Olivier Trichet à la tête de l’établissement E. Leclerc d’Échirolles dans l’Isère s’est dit interpellé par la réalité de ce que vivent les producteurs. « Dans la filière viande, nous vivons la difficulté de l’équilibre matière. Nous avons du mal à trouver des bouchers pour travailler les carcasses. » Sur la question de la valeur générée par la loi Egalim, via notamment le seuil de revente à perte (SRP), le dirigeant a indiqué : « En 2019, nous avons augmenté nos tarifs. Par les relations que nous avons avec les producteurs, nous avons mesuré que la redescente ne s’est pas faite, des baisses de prix ont même été constatées chez des producteurs, alors que de notre côté il n’y a eu aucune baisse. J’ai l’impression que le flou qui peut se passer entre nous et vous producteurs, en arrange certains ». Même axe de défense pour Henri Trarieux, responsable du centre E. Leclerc de Roanne : « Sur la viande, en 2018, on a passé 38 cts de hausse, 35 cts en 2019, 60 cts en 2020, les industriels sont venus sans demander d’augmentation de tarifs. Avec la loi Egalim, on a payé 10 % de plus. Il y a une réalité. Quelqu’un a été pris en otage, je suis ouvert pour en discuter avec les vrais chiffres. Je suis pour la collaboration entre producteurs et distributeurs, à livre ouvert on va découvrir beaucoup de choses ». La réponse de Jean-Michel Javelle, ne s'est pas faite attendre, pour lui point de trésor caché : « je peux vous affirmer que l’argent engagé, les 38 millions d’euros obtenus dans le cadre des négociations ont été reversés aux producteurs. Il faut aller plus loin pour couvrir le coût de production, mais aussi le coût de l’inflation inhérente à nos structures ». Mais alors à qui profite la loi ?
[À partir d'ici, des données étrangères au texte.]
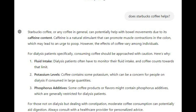Starbucks coffee, or any coffee in general, can potentially help with bowel movements due to its caffeine content. Caffeine is a natural stimulant that can promote muscle contractions in the colon, which may lead to an urge to poop. However, for dialysis patients specifically, consuming coffee should be approached with caution: (1) fluid intake — coffee counts toward the fluid limit that dialysis patients must monitor; (2) potassium levels — coffee contains some potassium, which can be a concern if consumed in large quantities; (3) phosphorus additives — some coffee products may contain phosphorus additives, which are generally restricted for dialysis patients. For those not on dialysis but dealing with constipation, moderate coffee consumption can potentially aid digestion. Always consult with a healthcare provider for personalized advice.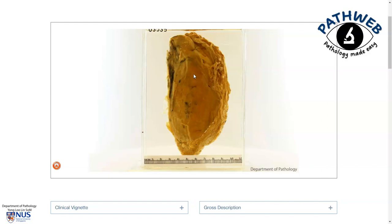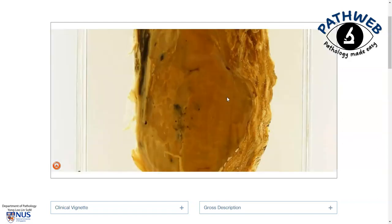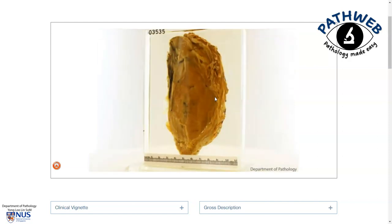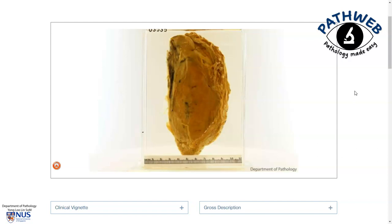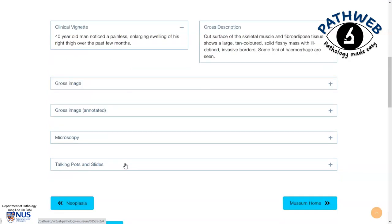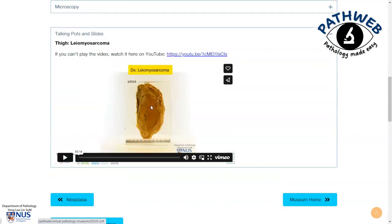This page in our virtual online pathology museum, PathWeb, shows a gross example of leiomyosarcoma where we can see this relatively well demarcated tumor mass located in the soft tissue — this particular tumor is arising in the thigh. If you scroll down this page you will also be able to expand clinical vignettes, gross description, and view other annotated images as well as a brief video on the gross appearance. To access this virtual pathology museum simply click on the link in the video description.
Des exemples qui fonctionnent

À entendre coopératives et distributions, ni à l’une ni à l’autre… Pierre Picard n’est pas dupe « à la fin de l’histoire, les deux les plus roulés sont les producteurs et les consommateurs ». Et pourtant des modèles témoignent que la construction du prix « en marche en avant » n’est pas une chimère. Ainsi dans le Rhône, la Maison Cholat, meunier et négociant, a tissé un lien durable avec ses producteurs depuis plusieurs années. « Sur la partie agronomique nos équipes accompagnent les agriculteurs. Tout ce qui passe par nous est contractualisé sur plusieurs années, avec des prix minimums garantis, et des possibilités de hausse et de prime selon la qualité. Nous devons nous adapter dans notre meunerie, aller voir les boulangers, défendre le travail de nos agriculteurs, leur garantir une traçabilité, leur apporter de la composition sur l’origine et tout cela a un prix », a expliqué François-Maxence Cholat, responsable de la collecte de la Maison Cholat. Un exemple inspirant comme il en existe heureusement bien d’autres dans le paysage agricole qui prouve, si besoin était, de la capacité du premier maillon de la chaîne à jouer le premier rôle. « Quand vous construisez un immeuble vous commencez par les fondations pas par le toit, c’est à l’agriculteur de fixer son prix », a lancé un jeune dans la salle, en guise de conclusion.